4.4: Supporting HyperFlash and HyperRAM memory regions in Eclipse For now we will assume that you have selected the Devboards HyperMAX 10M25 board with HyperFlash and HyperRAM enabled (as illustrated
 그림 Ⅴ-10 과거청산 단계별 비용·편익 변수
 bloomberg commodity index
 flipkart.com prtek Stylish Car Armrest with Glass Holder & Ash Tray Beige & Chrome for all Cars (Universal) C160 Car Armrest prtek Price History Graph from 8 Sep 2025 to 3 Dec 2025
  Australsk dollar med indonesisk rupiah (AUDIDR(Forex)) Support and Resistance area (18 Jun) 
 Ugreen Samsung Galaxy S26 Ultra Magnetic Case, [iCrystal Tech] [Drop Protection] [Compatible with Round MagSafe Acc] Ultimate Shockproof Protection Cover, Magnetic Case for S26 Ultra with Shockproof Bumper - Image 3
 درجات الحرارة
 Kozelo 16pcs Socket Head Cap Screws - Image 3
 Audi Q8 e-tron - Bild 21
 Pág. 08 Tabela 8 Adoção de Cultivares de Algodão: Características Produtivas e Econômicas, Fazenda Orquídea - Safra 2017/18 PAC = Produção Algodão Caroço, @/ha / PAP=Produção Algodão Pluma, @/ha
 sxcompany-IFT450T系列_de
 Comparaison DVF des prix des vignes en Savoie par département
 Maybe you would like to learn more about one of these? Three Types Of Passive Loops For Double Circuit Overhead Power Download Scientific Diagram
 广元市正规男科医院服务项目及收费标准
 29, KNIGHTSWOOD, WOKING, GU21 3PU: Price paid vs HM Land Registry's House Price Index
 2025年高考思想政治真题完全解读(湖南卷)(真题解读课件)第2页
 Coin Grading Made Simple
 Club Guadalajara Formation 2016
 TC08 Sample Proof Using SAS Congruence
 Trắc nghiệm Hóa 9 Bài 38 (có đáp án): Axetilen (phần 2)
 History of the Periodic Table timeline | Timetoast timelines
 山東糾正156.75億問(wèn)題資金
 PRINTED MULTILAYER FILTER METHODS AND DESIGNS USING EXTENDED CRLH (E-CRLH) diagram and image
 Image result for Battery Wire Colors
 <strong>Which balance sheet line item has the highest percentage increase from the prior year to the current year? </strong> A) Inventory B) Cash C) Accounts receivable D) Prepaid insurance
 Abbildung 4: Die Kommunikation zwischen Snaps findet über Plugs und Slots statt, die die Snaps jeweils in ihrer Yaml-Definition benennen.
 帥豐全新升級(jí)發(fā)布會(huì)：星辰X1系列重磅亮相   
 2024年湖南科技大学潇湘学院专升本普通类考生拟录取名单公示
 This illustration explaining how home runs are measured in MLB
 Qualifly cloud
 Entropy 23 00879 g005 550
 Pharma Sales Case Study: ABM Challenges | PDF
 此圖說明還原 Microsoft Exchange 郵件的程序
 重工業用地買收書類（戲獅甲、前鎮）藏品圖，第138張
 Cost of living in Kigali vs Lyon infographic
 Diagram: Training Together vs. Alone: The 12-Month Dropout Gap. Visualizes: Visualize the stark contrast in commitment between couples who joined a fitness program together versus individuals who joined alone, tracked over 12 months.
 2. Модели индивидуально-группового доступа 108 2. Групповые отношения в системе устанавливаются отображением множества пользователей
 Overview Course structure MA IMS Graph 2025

(Aim of the task):
Exactly as written, please reproduce the lines from the first line of the data to the line containing "Comparaison DVF des", inclusive, and nothing else.

(Output of the exercise):
4.4: Supporting HyperFlash and HyperRAM memory regions in Eclipse For now we will assume that you have selected the Devboards HyperMAX 10M25 board with HyperFlash and HyperRAM enabled (as illustrated
 그림 Ⅴ-10 과거청산 단계별 비용·편익 변수
 bloomberg commodity index
 flipkart.com prtek Stylish Car Armrest with Glass Holder & Ash Tray Beige & Chrome for all Cars (Universal) C160 Car Armrest prtek Price History Graph from 8 Sep 2025 to 3 Dec 2025
  Australsk dollar med indonesisk rupiah (AUDIDR(Forex)) Support and Resistance area (18 Jun) 
 Ugreen Samsung Galaxy S26 Ultra Magnetic Case, [iCrystal Tech] [Drop Protection] [Compatible with Round MagSafe Acc] Ultimate Shockproof Protection Cover, Magnetic Case for S26 Ultra with Shockproof Bumper - Image 3
 درجات الحرارة
 Kozelo 16pcs Socket Head Cap Screws - Image 3
 Audi Q8 e-tron - Bild 21
 Pág. 08 Tabela 8 Adoção de Cultivares de Algodão: Características Produtivas e Econômicas, Fazenda Orquídea - Safra 2017/18 PAC = Produção Algodão Caroço, @/ha / PAP=Produção Algodão Pluma, @/ha
 sxcompany-IFT450T系列_de
 Comparaison DVF des prix des vignes en Savoie par département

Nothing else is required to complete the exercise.